- Type: Geological formation
- Underlies: Huachihuanhe Formation

Lithology
- Primary: Sandstone
- Other: Mudstone, Siltstone, Conglomerate

Location
- Region: Shaanxi Province, Asia
- Country: China

= Luohe Formation =

Geologic Formation in China

The Luohe Formation is an Early Cretaceous geologic formation in China. It is located in the Ordos Basin, and records fossil dinosaur trackways.

== Geology ==
The formation mainly consists of three lithologic members: the lower member is a dark purple-red and purple-gray massive mudstone with dark purple micro-thin bedded argillaceous siltstone, and grey-yellow thick-bedded conglomeratic sandstone with horizontal bedding and low-angle oblique bedding developed. The middle member consists of purple-red thin-bedded quartz-fine sandstone and fine-medium grained feldspathic quartz sandstone, generally with large tabular oblique bedding, cross-bedding and parallel bedding.
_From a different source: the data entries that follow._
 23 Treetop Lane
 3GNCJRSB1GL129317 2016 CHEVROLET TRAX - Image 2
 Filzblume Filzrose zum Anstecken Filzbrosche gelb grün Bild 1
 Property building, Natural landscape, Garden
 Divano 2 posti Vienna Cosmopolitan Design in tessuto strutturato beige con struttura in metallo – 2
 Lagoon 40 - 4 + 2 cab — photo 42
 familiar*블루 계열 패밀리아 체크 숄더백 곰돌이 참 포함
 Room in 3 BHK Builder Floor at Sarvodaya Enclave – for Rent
The upper member consists of purple-red and grey-yellow massive mudstone, silty mudstone and thin-bedded argillaceous siltstone, with parallel bedding and low-angle oblique bedding developed.

== Depositional environment ==
The Luohe Formation represents an aeolian dune field with interspersed interdune deposits. Sandstone wedges were identified at three different outcrops, representing infilling of thermal contraction cracks. This periglacial scenario is analogous to that of the Qiongkuai Lebashi Lake area, Xinjiang Uygur Autonomous Region. This Cretaceous plateau desert was estimated to be around 3-4 km paleoaltitude at a subtropical latitude.

== Fossils ==
Likely deinonychosaurian and other small indeterminate theropod trackways have been identified in the Luohe Formation.